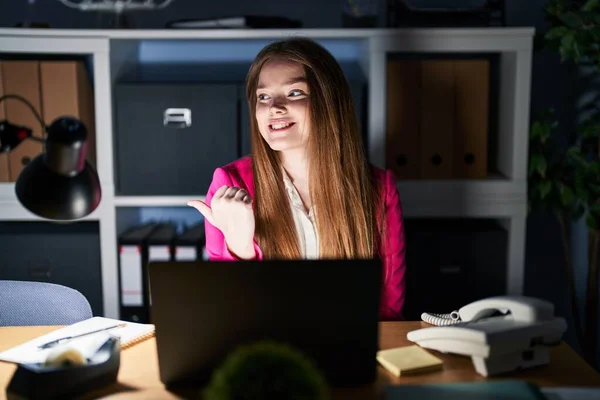 年轻的高加索女人 晚上在办公室工作 面带微笑 面带微笑 手指头指向旁边 — 图库照片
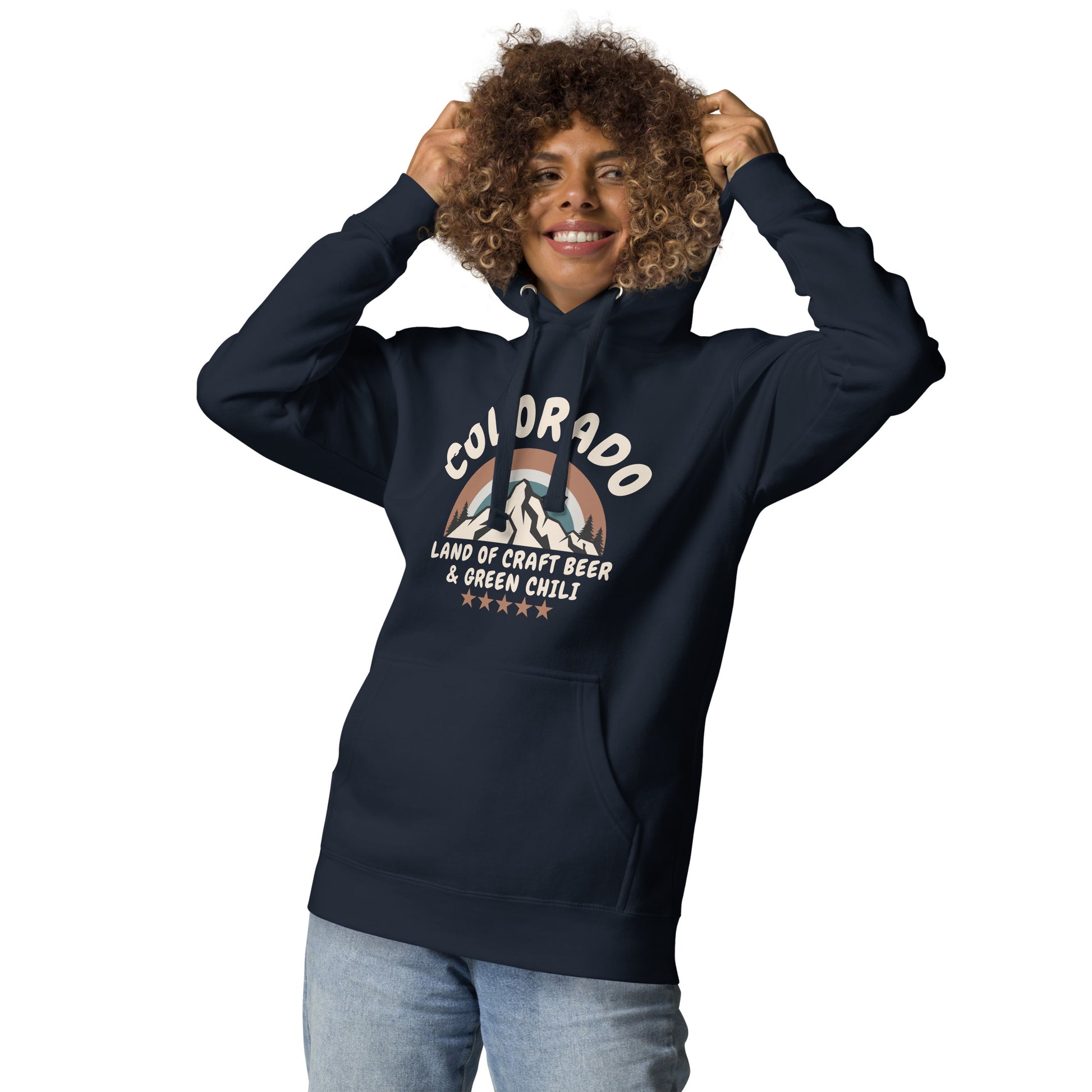 A woman with curly hair smiles while pulling the hood of her navy blue sweatshirt over her head.  The hoodie features text about Colorado with a mountain design and references craft beer and green chili.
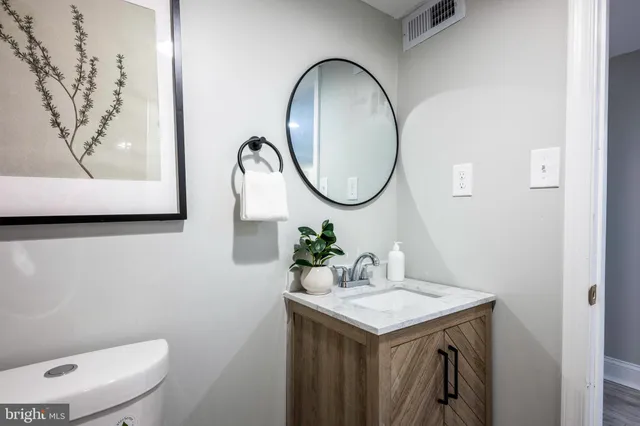 a bathroom with a toilet sink and mirror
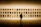 Visitor quietly admiring a large-format black and white abstract painting in a serene gallery setting.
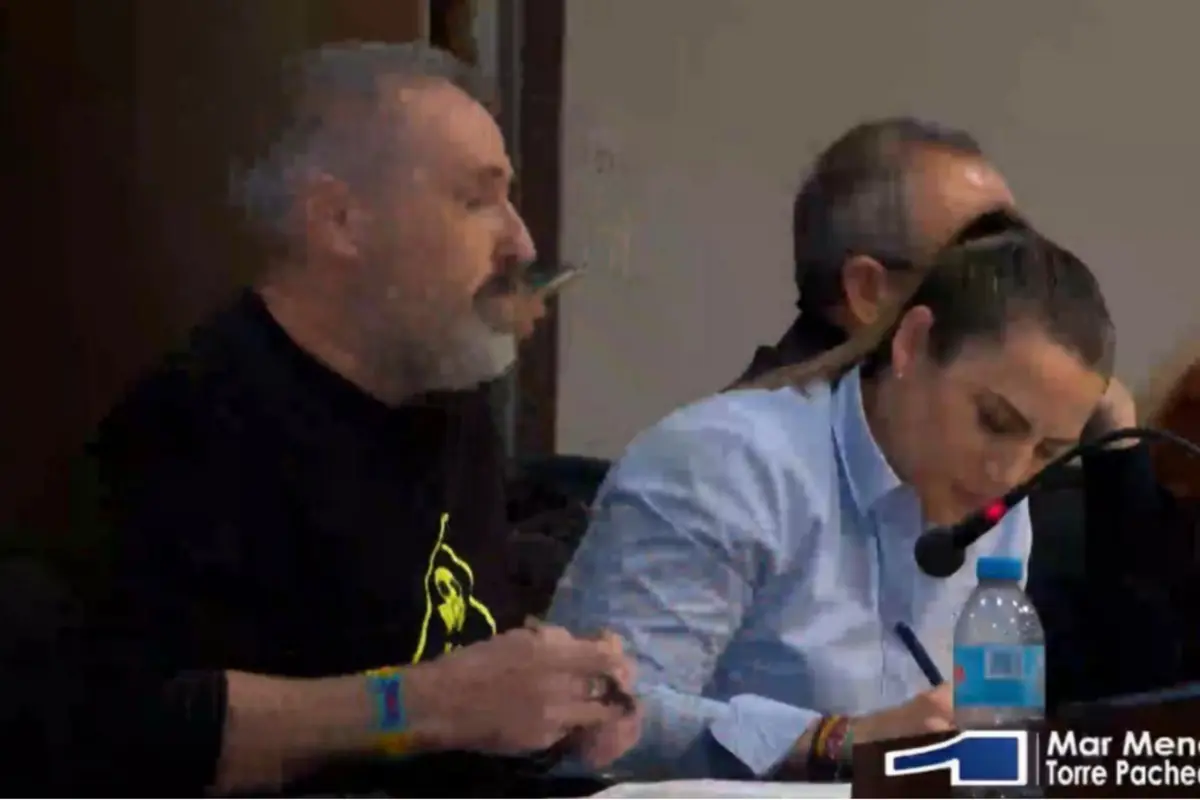 Dos personas sentadas en una mesa durante una reunión o pleno una de ellas hablando frente a un micrófono y la otra tomando notas junto a una botella de agua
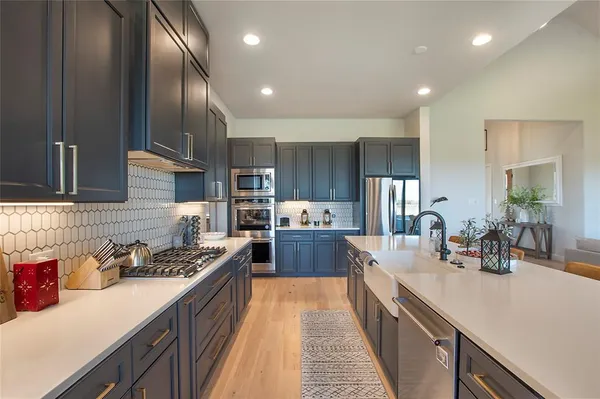 a kitchen with stainless steel appliances a sink stove and cabinets
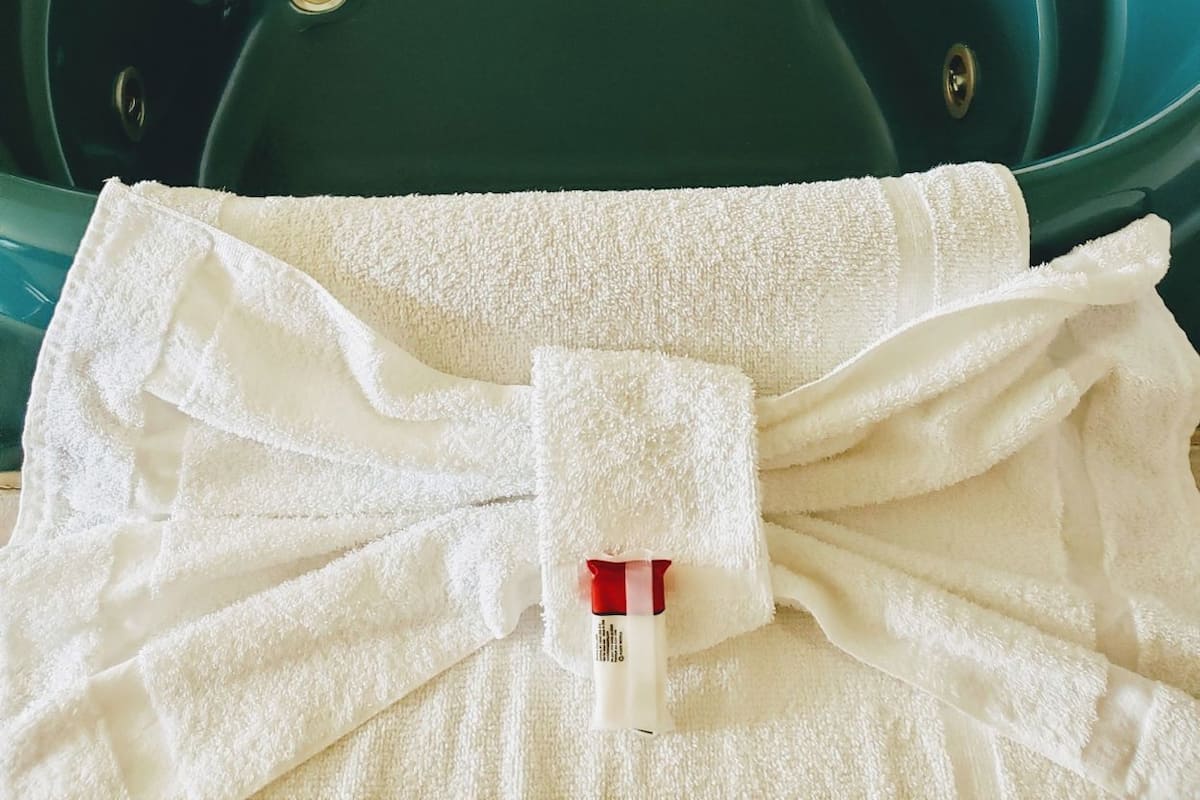 Una bañera verde con un grifo y una toalla al frente.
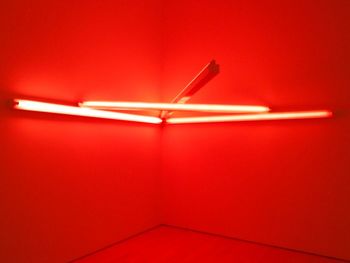 Low angle view of illuminated fluorescent lights on red wall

------------------------------------

With the pictures omitted, print precisely the lines from the one with "a bathroom with a toilet sink and mirror" to the final line of the records, both included.

 a bathroom with a toilet sink and mirror
 Visitor quietly admiring a large-format black and white abstract painting in a serene gallery setting.
 Dos personas sentadas en una mesa durante una reunión o pleno una de ellas hablando frente a un micrófono y la otra tomando notas junto a una botella de agua
 a kitchen with stainless steel appliances a sink stove and cabinets
 Una bañera verde con un grifo y una toalla al frente.
 Low angle view of illuminated fluorescent lights on red wall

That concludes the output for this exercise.